Thomas Jefferson DUBOSE

(Thomas DUBOSE, Thomas J. DUBOSE, Thomas Jefferson DUBOSE, Col. DUBOSE, Colonel DUBOSE).

Thomas J. Dubose

Please, before asking any question or sending any comment or criticism, read this.


Born May 10, 1902
Social security number 460-64-3419
USAF, Colonel in 1947
USAF Service number 470A

This is the Thomas J. Dubose biography on the US Air Force website as of 2017, at


Died February 24,1992

Thomas Jefferson Du Bose was born in 1902 in San Antonio, Texas. He graduated from Central High School, Oklahoma City, in 1922 and attended the University of Oklahoma from 1923 until 1924. In 1925 he entered the U.S. Military Academy and graduated from West Point June 13, 1929.

In September 1929, Second Lieutenant Du Bose entered primary flying school at March Field, Calif. He later graduated from the Advanced Flying School at Kelly Field, Texas and was transferred to the Army Air Corps March 14, 1931. He served as flight instructor at Kelly Field until June 1931 when he joined the 3rd Pursuit Squadron at Clark Field, Philippine Islands.

In 1934 First Lieutenant Du Bose returned to Kelly Field as a flight instructor. He was later promoted in June 1939 to captain. The next year Captain Du Bose became director of training at Moffett Field, Calf., and was promoted.

Major Du Bose assumed like responsibilities as director of training at Merced, Calif. in October 1941. While serving there he was elevated to the rank of lieutenant colonel and a year later he was appointed chief of Flying Training Section at Headquarters U.S. Army Air Forces with the rank of full colonel. Colonel Du Bose served as chief of the Air Crew Training Division from March to December 1943, when he was appointed deputy to the assistant chief of air staff for training.

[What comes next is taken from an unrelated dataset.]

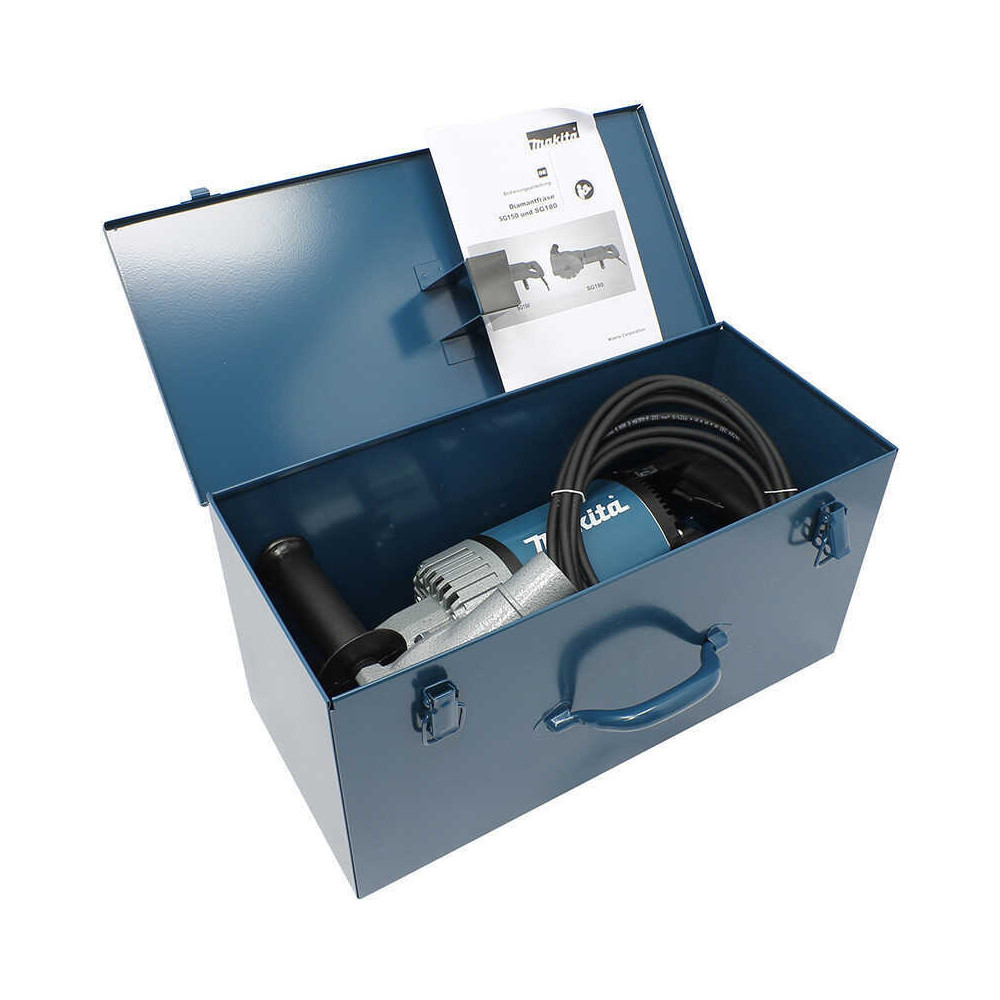Rainureuse à double disque Ø150 mm 1800 W Makita SG150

Colonel Du Bose assumed command of the 316th Bomb Wing at Colorado Springs, Colo., in December 1944. The following July he took that wing to the Asiatic-Pacific theater of operations. In January 1946 he was named assistant chief of staff for plans of the Pacific Air Command at Manila, Philippine Islands.

In June 1946 Colonel Du Bose became deputy assistant chief of staff for operations of Strategic Air Command at Bolling Field, Washington, D.C. From August to October 1946 he commanded the advance headquarters echelon of Strategic Air Command at Colorado Springs, Colo. He was then assigned to the 8th Air Force at Forth Worth, Texas with which he served successively as assistant chief of staff for personnel, chief of staff and deputy commander.

In February 1948 Colonel Du Bose was named deputy commander of Air Task Group 7.4, the Air Force part of Joint Task Force 7 which constructed a proving ground for the Atomic Energy Commission at Eniwetok and later assisted the Atomic Energy Commission in the conduct of the first series of tests of atomic weapons. In May 1948 after his return to the United States, he rejoined the 8th Air Force as chief of staff. Colonel Du Bose later entered the National War College in August 1948 and graduated in June 1949. Two months later Colonel Du Bose assumed command of the 1602nd Air Transport Wing at Wiesbaden, Germany.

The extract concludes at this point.